Locational factors such as proximity to other amenities such as transit and public services have a great influence on the mix of land use. Chen et al.(2016) argued TOD around the railway station enables efficient transit induce mixed land use in the area. Also, Retail and food establishments demonstrate a certain location pattern in the urban area and It make the neighborhood more lively and vigorous (Sevtsuk, 2014). And according to Blumenberg et al.(2019), some young adult and older adults prefers homes for various reasons and they thrive with urban amenities.

A certain age or sex group of customers may also affect it in a commercial area. This paper aims to find the causes of these epic differences in land use mix in terms of the location and socioeconomic environments of each commercial district and the demographic characteristics of visitors and residents. As Manley et al. (2018) used smart card data to analyze regularity of the individual travel patterns in London, we use location based big data (Seoul Living Population, a De Facto population counting with mobile phone gps data) to analyze the visitor’s demographic pattern of commercial districts.

To this end, we introduce a micro-scale approach to determine the key determinants of land use mix (LUM, an entropy index indicates mixed land use) in commercial districts. The land use mix of each district is defined by the entropy index using data for more than 100,000 individual buildings in commercial districts in Seoul, the capital city of South Korea. We also use real-time big data(Seoul Living Population) on individual visitors to commercial districts. The existing studies on the relationship between land use and human activity usually use data collected at a specific time by a survey or the aggregation of existing data. The fixidity of the time dimension of data makes it difficult to examine the dynamic changes of visitors to commercial areas. The real-time big data on visitors enable us to overcome this limitation. By processing mobile phone GPS data, from January 1, 2018 to December 31, 2019, we analyzed the distribution of visitors in the city of Seoul and their visiting patterns in commercial districts along the time dimension. We use the number of visitors in the peak hour of each commercial district, their age and sex as explanatory variables of land use mix in addition to the locations and socioeconomic factors of the district.

The expected results of the analysis are as follows: First, the mixed use of residential and office use in a commercial district has a positive impact on the total number of visitors. Second, the LUM was relatively high in the commercial areas where the proportion of young adult (2-30s) visitors and residents was significantly higher than those in other age groups. And lastly, in high-density metropolises such as Seoul, more visitors are coming to commercial districts with high accessibility by subway or bus. This suggests that transit, together with mixed land use, is an important factor in enhancing the dynamics of the commercial clusters.

Key words

mixed land use, urban commercial clusters, transit accessibility , big data, applied GIS

Major references/citations

  1. Sevtsuk, A., & Kalvo, R. (2018).

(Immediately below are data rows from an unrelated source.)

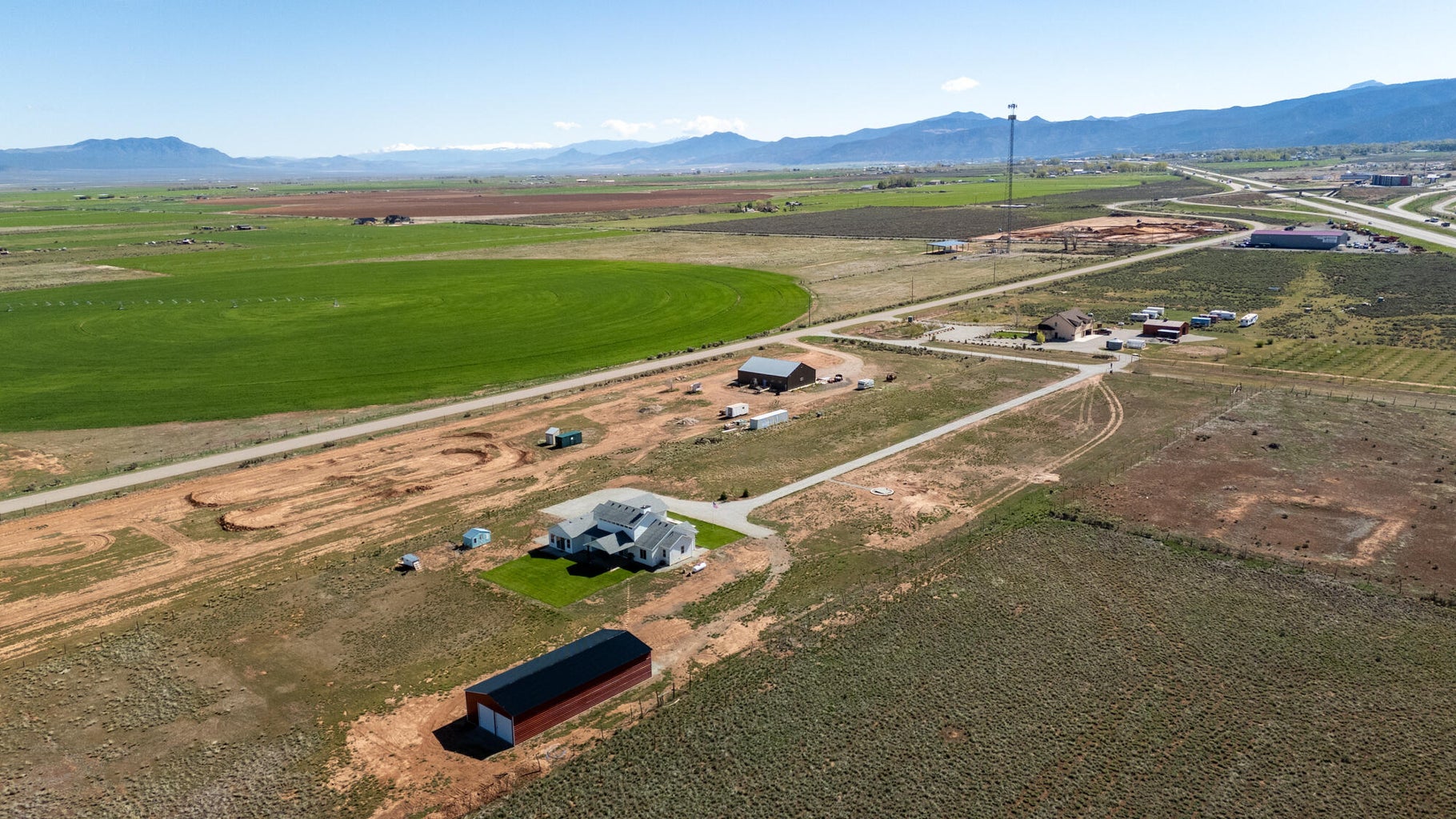 Parowan, Utah, 84761, United States, 3 Bedrooms Bedrooms, ,3 BathroomsBathrooms,Residential,For Sale,1992445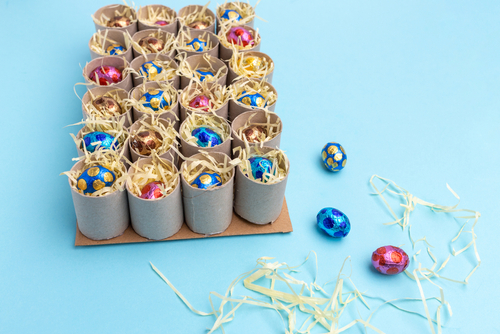 calendário do advento de Páscoa com ovinhos de chocolate - presentes para a Páscoa - Assaí Atacadista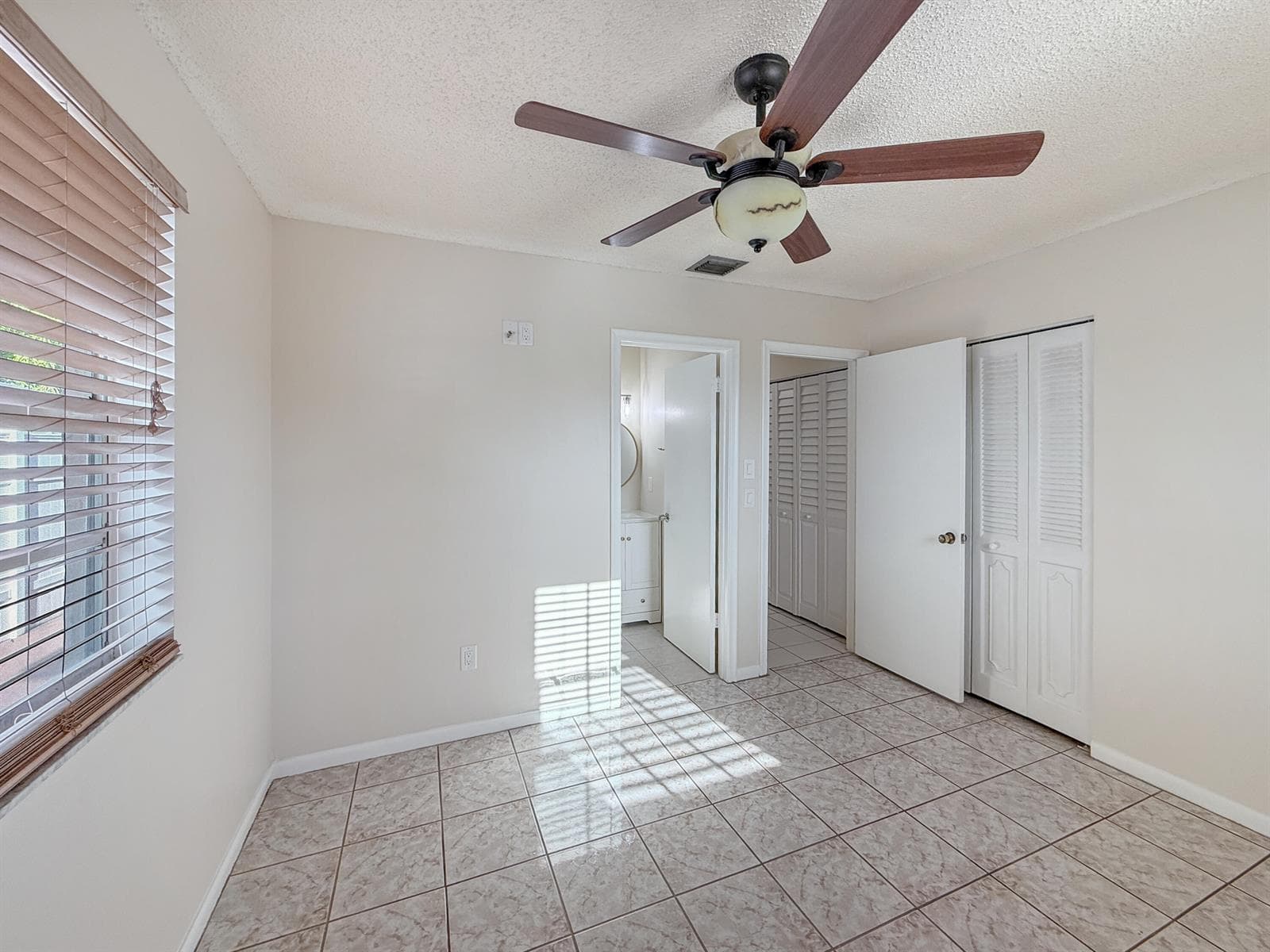 5365 Cannon Way photo 11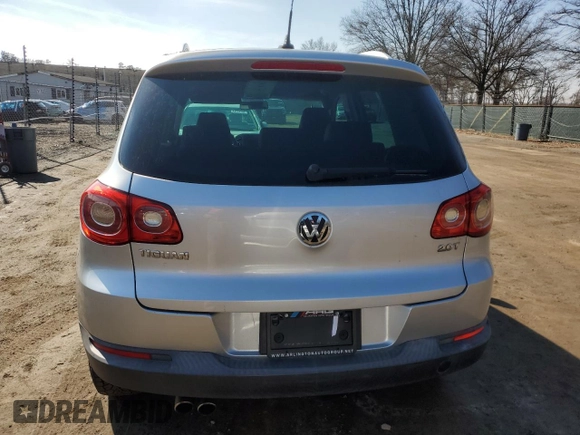 2010 Volkswagen Tiguan with VIN WVGAV9AX3AW530706, listed as a Copart auction lot 44738295 with 133,412 mi miles and Clean Title. Bid and sale history available at DreamBid. Image 6.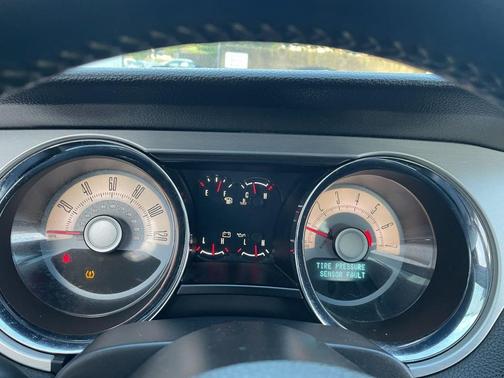 2010 Ford Mustang Base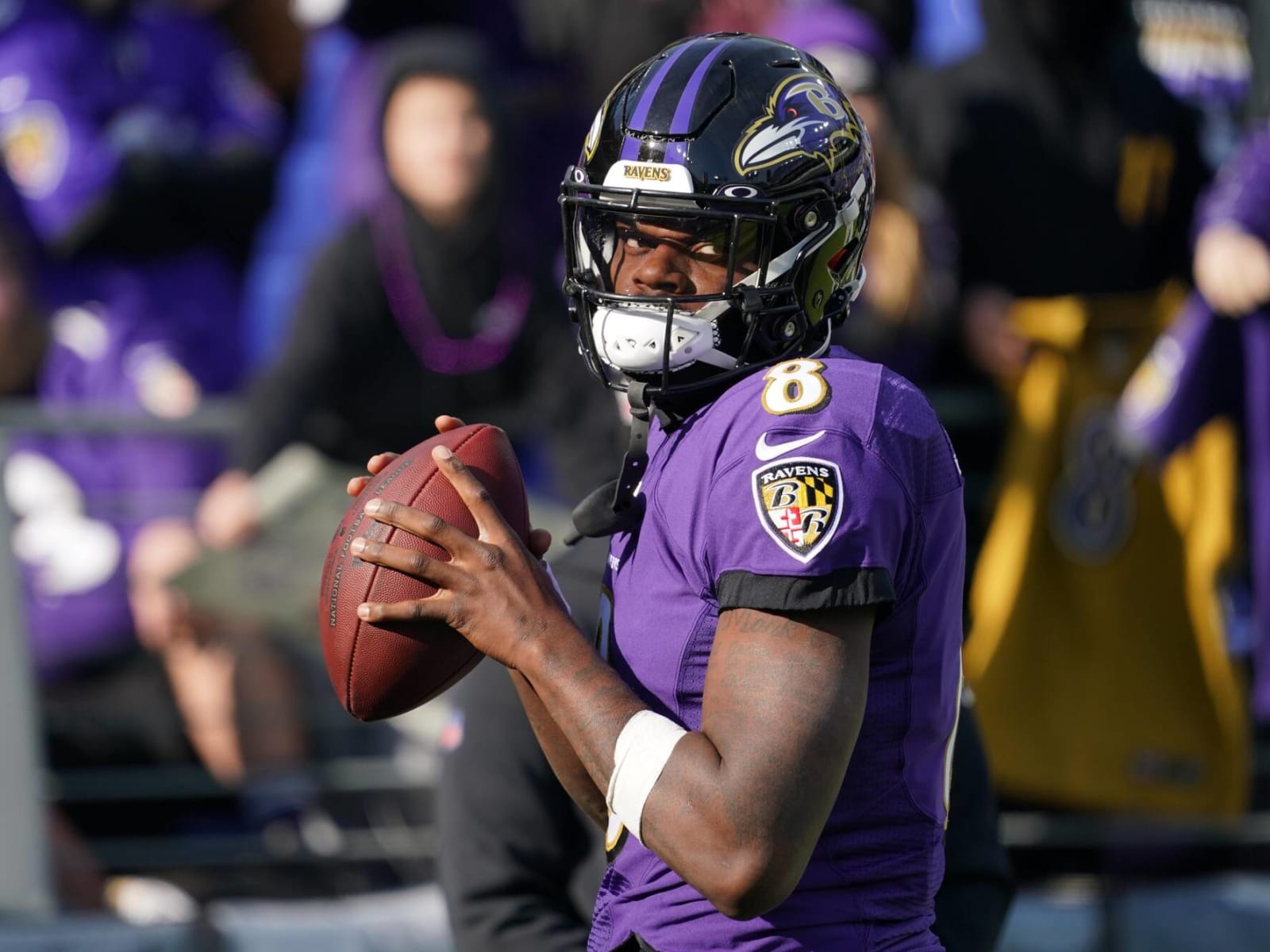 Ravens forward their 'best offer' for L-Jax ahead of tag deadline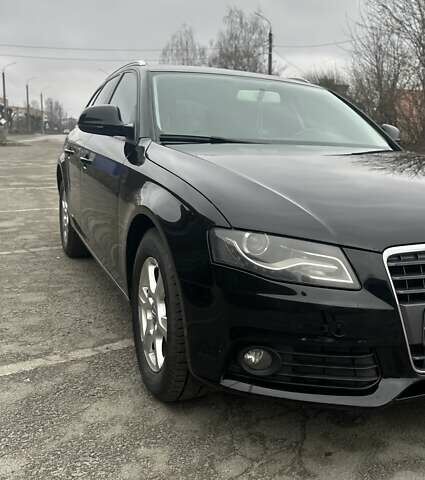 Черный Ауди А4, объемом двигателя 2 л и пробегом 333 тыс. км за 9000 $, фото 1 на Automoto.ua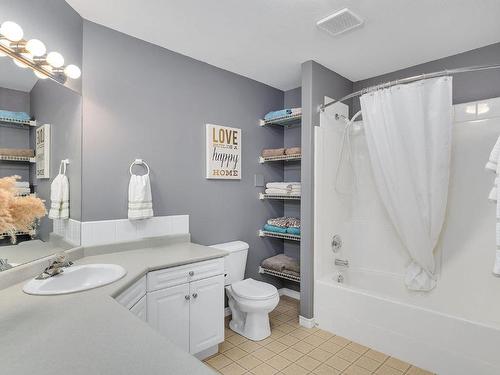 3671 Yorkton Road, West Kelowna, BC - Indoor Photo Showing Bathroom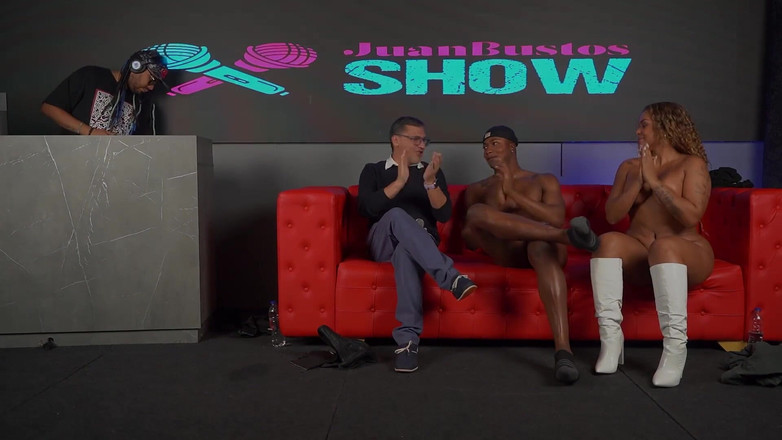 JuanBustos: Carla morelli, dicker arsch, ebenholz, nimmt zwei riesige schwänze in...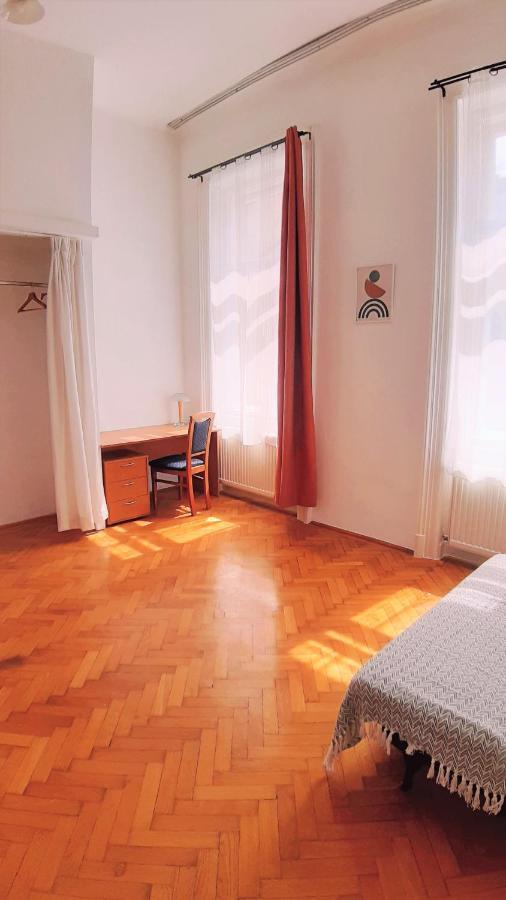 Citypark Classic Downtown Apartment Budapest Exterior photo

Patronage of urban commercial clusters: A network-based extension of the Huff model for balancing location and size. Environment and Planning B: Urban Analytics and City Science45(3), 508-528.
  2. Chen, S. H., & Zegras, C. (2016). Rail Transit Ridership: Station-Area Analysis of Boston’s Massachusetts Bay Transportation Authority. Transportation Research Record2544(1), 110-122.
  3. Zhong, C., Schläpfer, M., Müller Arisona, S., Batty, M., Ratti, C., & Schmitt, G. (2017). Revealing centrality in the spatial structure of cities from human activity patterns. Urban Studies54(2), 437-455.
  4. Blumenberg, E., Brown, A., Ralph, K., Taylor, B. D., & Turley Voulgaris, C. (2019). A resurgence in urban living? Trends in residential location patterns of young and older adults since 2000. Urban Geography40(9), 1375-1397.